Top of Given records

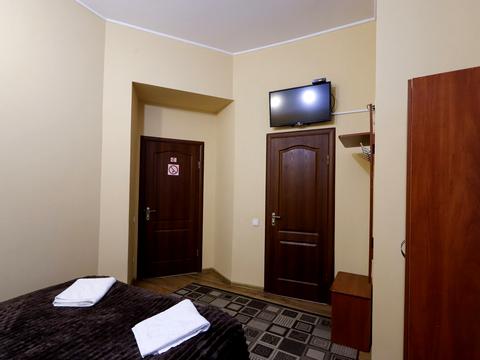 комерційна за адресою Богдана Хмельницького вул., 21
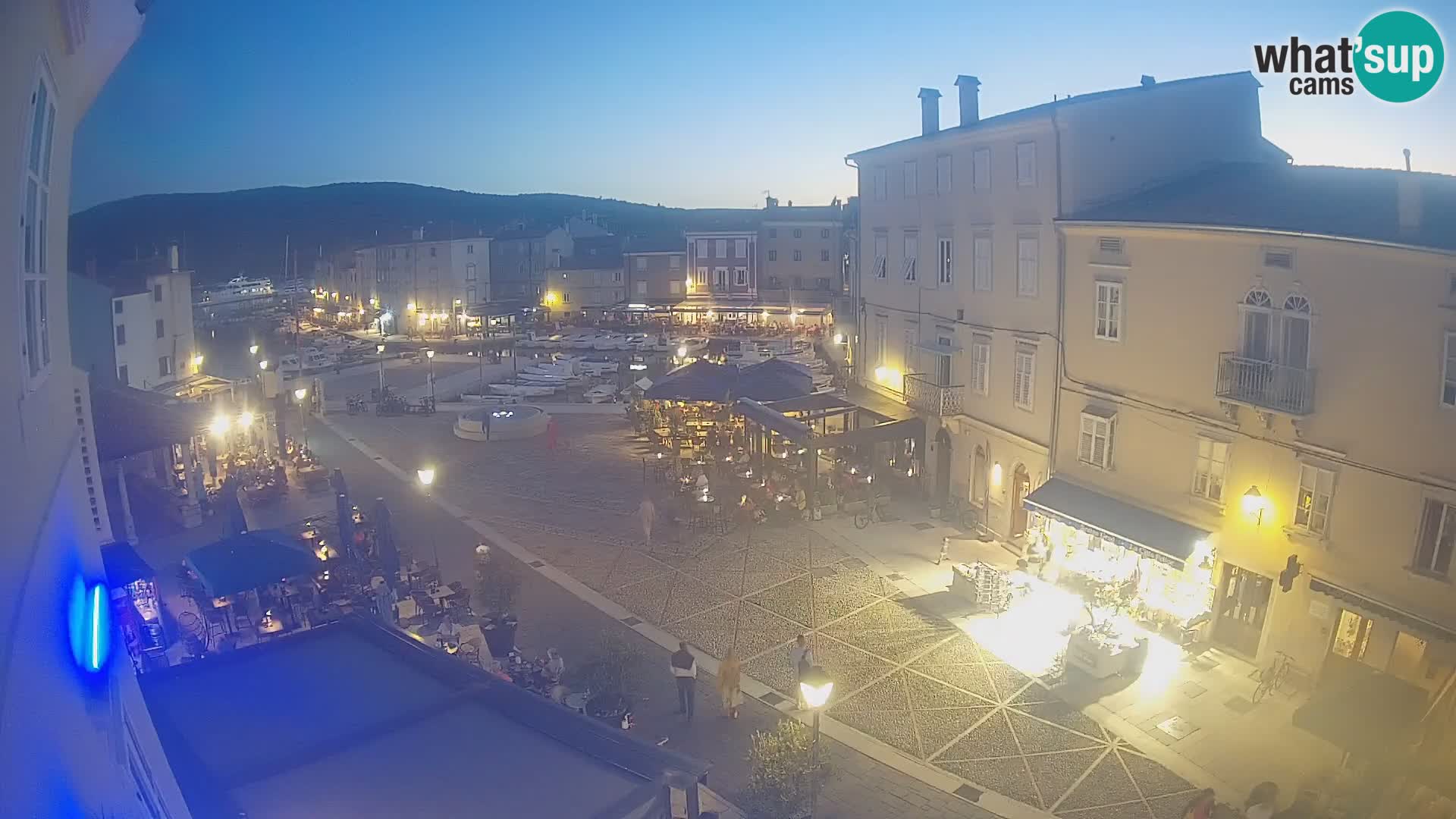 LIVE cam Cres città – piazza principale e “mandrač” – isola di Cherso – Croazia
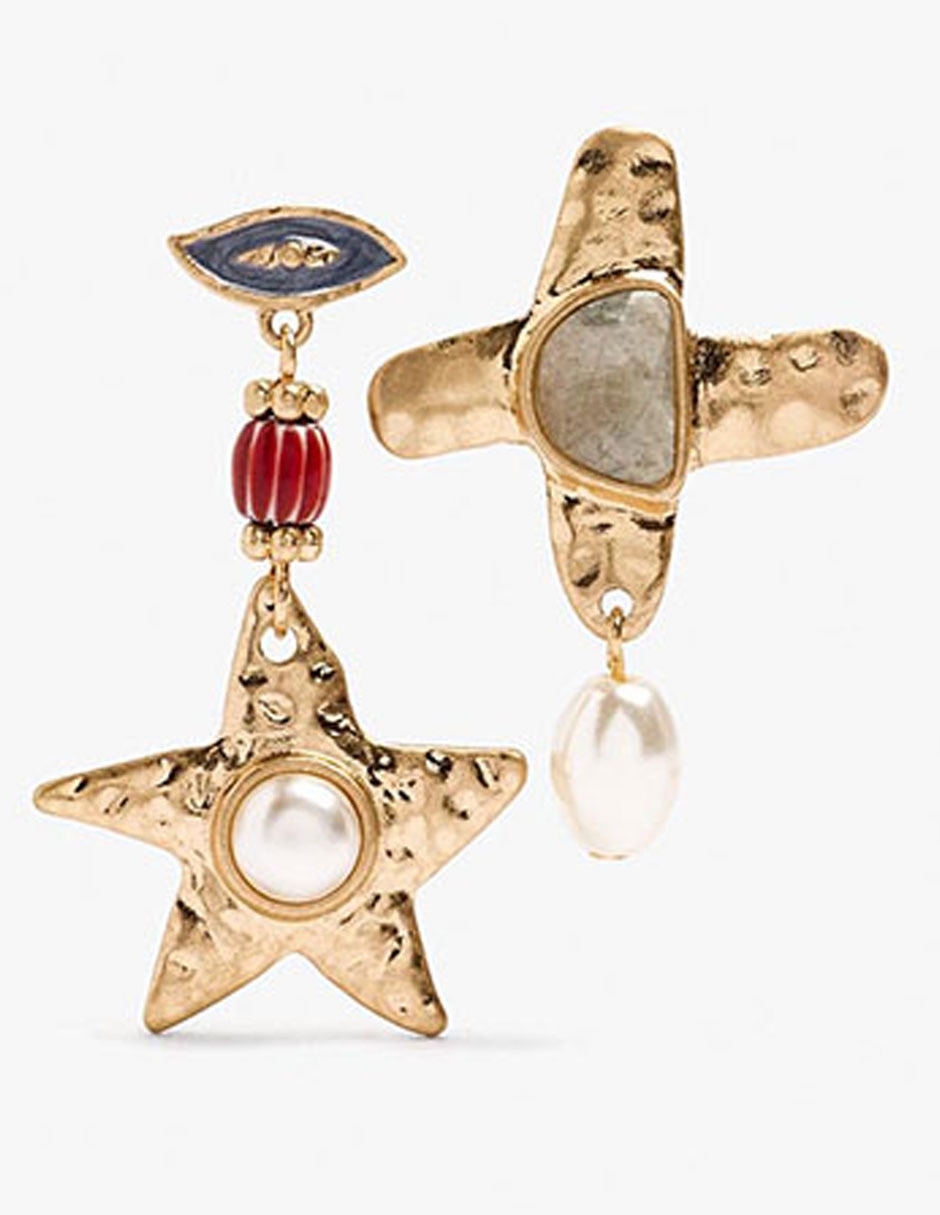 Aretes cortos con acabado brillante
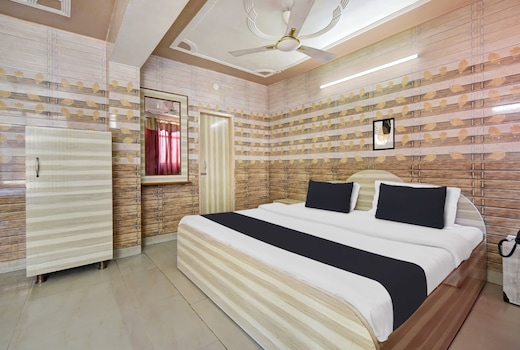 Hotel O Indira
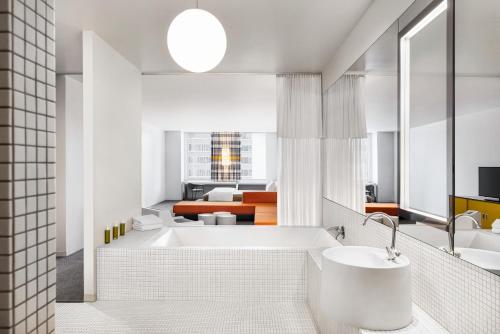 Suite Delphi con cama extragrande del hotel The Delphi. Foto 1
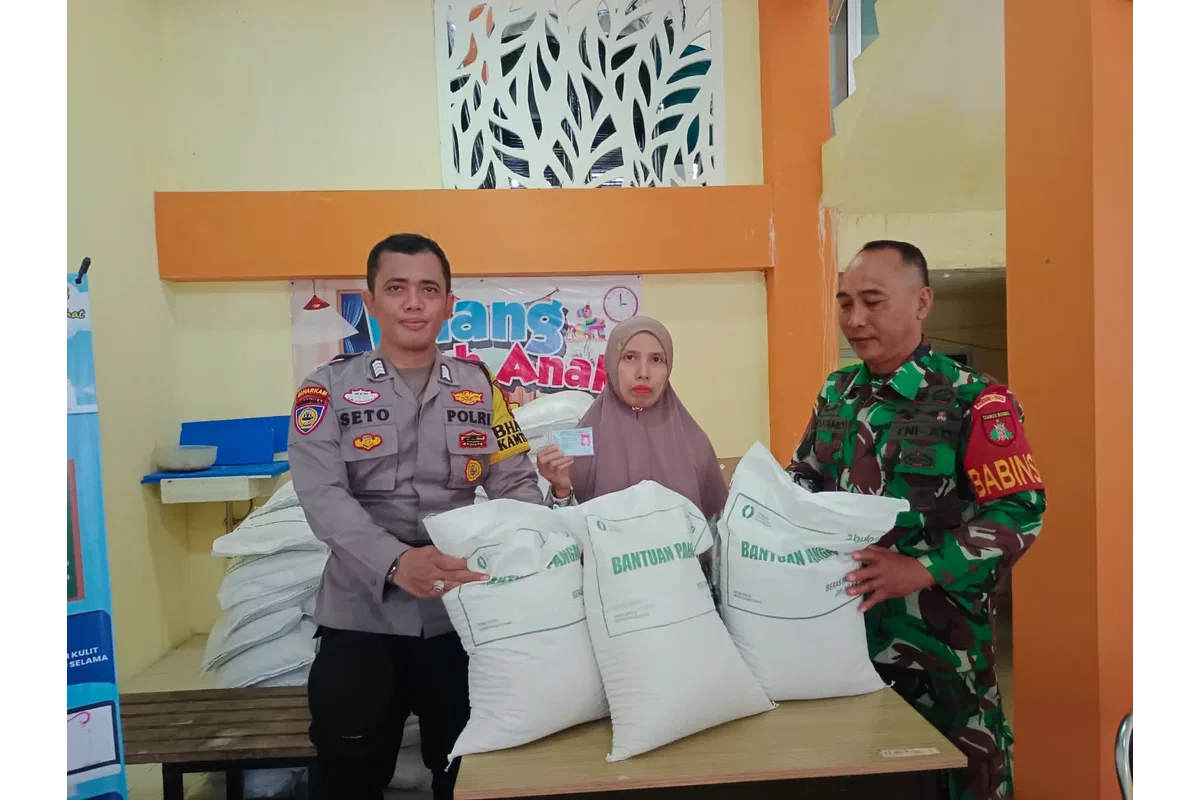 Babinsa Koramil Barabai kawal penerimaan beras bantuan pangan warga
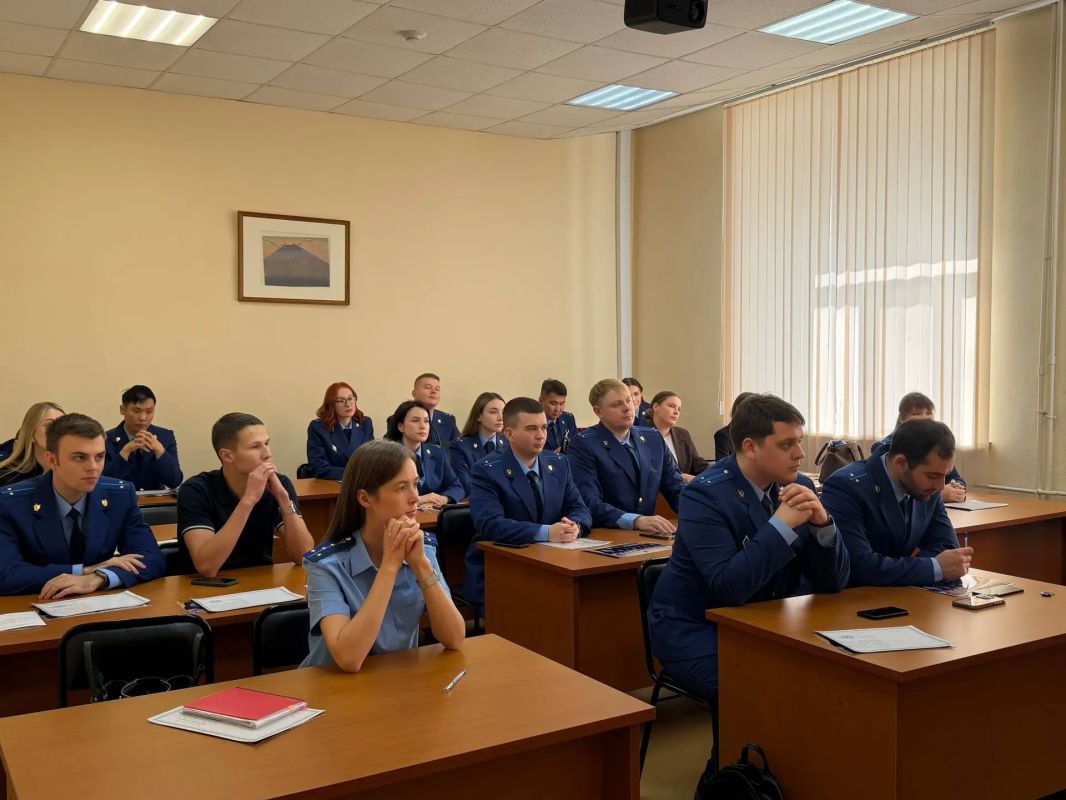 В Хабаровске завершилось профессиональное обучение прокурорских работников, осуществляющих надзор за процессуальной деятельностью органов дознания и предварительного следствия В Хабаровске завершилось профессиональное обучение прокурорских работников, осуществляющих надзор за процессуальной деятельностью органов дознания и предварительного следствия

Bottom of Given records

*Your goal*: Without the pictures, set down every entry exactly.

*Task solution*:
 комерційна за адресою Богдана Хмельницького вул., 21
 LIVE cam Cres città – piazza principale e “mandrač” – isola di Cherso – Croazia
 Aretes cortos con acabado brillante
 Hotel O Indira
 Suite Delphi con cama extragrande del hotel The Delphi. Foto 1
 Babinsa Koramil Barabai kawal penerimaan beras bantuan pangan warga
 В Хабаровске завершилось профессиональное обучение прокурорских работников, осуществляющих надзор за процессуальной деятельностью органов дознания и предварительного следствия В Хабаровске завершилось профессиональное обучение прокурорских работников, осуществляющих надзор за процессуальной деятельностью органов дознания и предварительного следствия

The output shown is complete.